Once they get more comfortable, you can take away some boundaries until they are fine being together at all times.
Don't Neglect Your First Dog
To avoid jealously, don't forget to show your first dog plenty of love! In fact, many recommend prioritizing your first dog a bit. Again, it all comes down to the dominance thing.
Your dog isn't going to like all the attention you're giving your new dog. But the biggest problem will come when mealtime rolls around. Feed your first dog first! That shows that your new pup is no threat to their place in the pack.
There's no clear-cut answer to whether getting a second dog for your family is a good choice or not. It all depends on your dog and your personal situation!
In most cases, dogs will be much happier with an all-day companion they can play with. But, you need to consider their personality and take some time choosing the right companion. When you make this decision strategically, your two dogs will be inseparable!
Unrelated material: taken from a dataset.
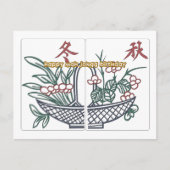 Mah Jongg Birthday Basket Card Briefkaart (Voorkant)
Will getting a second dog calm my dog down?
A second dog will not instantly fix any behavioral problems with your first pooch. If your dog gets overly excited and neurotic at the drop of the hat, they will only pass that on to your new adoptee! It's better to correct that behavior first.
Does getting a second dog help with separation anxiety?
Separation anxiety is one thing that an additional dog can solve. Canines suffer from separation anxiety because they can't stand being alone. When you have two dogs, they're always together and can keep each other company.
Does getting a second dog help with socialization
A new dog can absolutely help with socialization. But, it will only work to some extent. Socialization is all about getting exposed to new people and animals. It's crucial to do this early on to avoid socialization problems as an adult.
A second dog can get your first dog more comfortable with the presence of another animal. But, there's still plenty of work you need to do to fix socialization issues.